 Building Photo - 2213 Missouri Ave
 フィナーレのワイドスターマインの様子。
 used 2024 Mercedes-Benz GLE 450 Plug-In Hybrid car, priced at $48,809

|---|

Take the line that contains "フィナーレのワイドスターマインの様子。" and every line after it in the material above. Set those lines down exactly and nothing more.

 フィナーレのワイドスターマインの様子。
 used 2024 Mercedes-Benz GLE 450 Plug-In Hybrid car, priced at $48,809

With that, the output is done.